Como o PontoBarato te protege
Registro em tempo real com GPS e selfie, relatórios PDF assinados digitalmente, exportação em formato AFD/AEJ pra fiscalização. Em caso de processo, você tem prova robusta da jornada efetivamente cumprida.
Exemplo prático em indústria de alimentos pequena de Feira de Santana
Imagine um operador de máquinas em uma fábrica de biscoitos no Centro com salário de R$ 2.000,00. Sem o ponto eletrônico, ele alega na justiça que fazia 2 horas extras diárias não pagas. O cálculo base considera o valor da hora de R$ 9,09 acrescido de 50%, totalizando R$ 13,63 por hora extra. Em um mês com 22 dias úteis, seriam 44 horas extras, somando R$ 599,72 mensais. Ao considerar um processo de 2 anos, o valor principal chega a R$ 14.393,28, sem contar reflexos em férias, 13º salário, FGTS e multas rescisórias.
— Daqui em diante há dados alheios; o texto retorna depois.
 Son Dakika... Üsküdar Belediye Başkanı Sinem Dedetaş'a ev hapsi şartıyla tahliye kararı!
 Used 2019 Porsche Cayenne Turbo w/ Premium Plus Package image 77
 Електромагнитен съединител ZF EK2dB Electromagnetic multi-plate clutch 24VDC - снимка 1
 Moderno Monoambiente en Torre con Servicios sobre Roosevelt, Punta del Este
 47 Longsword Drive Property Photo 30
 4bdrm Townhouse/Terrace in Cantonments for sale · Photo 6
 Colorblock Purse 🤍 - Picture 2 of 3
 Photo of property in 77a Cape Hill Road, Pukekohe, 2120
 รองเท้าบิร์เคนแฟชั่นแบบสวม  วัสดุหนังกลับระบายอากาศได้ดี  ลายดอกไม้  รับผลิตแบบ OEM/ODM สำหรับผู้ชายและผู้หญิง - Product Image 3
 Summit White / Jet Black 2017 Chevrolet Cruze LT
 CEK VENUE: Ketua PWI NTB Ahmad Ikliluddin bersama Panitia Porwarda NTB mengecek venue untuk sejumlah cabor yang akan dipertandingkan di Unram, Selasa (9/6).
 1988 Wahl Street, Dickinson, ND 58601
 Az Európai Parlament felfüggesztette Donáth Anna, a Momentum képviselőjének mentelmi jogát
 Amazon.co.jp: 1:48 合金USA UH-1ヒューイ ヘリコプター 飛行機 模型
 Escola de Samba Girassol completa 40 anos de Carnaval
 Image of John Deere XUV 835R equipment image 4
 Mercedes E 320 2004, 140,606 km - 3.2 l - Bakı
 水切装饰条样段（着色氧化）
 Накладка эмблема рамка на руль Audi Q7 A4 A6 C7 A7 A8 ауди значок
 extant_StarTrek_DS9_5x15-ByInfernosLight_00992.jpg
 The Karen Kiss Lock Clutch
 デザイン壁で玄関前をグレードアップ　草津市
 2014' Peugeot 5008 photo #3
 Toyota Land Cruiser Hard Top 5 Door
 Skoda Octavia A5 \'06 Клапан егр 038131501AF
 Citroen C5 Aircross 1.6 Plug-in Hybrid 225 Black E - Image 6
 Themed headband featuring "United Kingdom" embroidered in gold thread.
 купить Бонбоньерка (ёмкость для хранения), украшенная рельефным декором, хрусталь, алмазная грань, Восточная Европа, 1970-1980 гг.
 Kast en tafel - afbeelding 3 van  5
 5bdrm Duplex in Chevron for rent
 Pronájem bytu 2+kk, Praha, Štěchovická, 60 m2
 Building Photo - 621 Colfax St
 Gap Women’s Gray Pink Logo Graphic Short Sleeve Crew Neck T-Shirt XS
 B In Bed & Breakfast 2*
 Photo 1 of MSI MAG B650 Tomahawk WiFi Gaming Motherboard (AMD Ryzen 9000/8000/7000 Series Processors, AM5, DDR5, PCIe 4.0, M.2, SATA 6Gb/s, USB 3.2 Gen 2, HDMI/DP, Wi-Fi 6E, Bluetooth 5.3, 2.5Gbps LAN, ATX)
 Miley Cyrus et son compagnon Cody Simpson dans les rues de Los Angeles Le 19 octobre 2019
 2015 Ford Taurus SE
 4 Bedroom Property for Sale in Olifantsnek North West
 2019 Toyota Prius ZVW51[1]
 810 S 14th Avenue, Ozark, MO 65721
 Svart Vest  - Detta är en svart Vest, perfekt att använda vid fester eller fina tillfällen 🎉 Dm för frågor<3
Sem o registro eletrônico exigido pela Portaria 671, a empresa dificilmente conseguirá contestar esse valor, transformando uma falha de gestão em um prejuízo de dezenas de milhares de reais.
Por que indústrias de alimentos pequenas em Feira de Santana escolhem o PontoBarato
Sem comprar equipamento, sem instalar app. Cada funcionário usa o próprio celular. Funciona em Centro, Kalilândia, Cidade Nova e em toda a região metropolitana de Feira de Santana.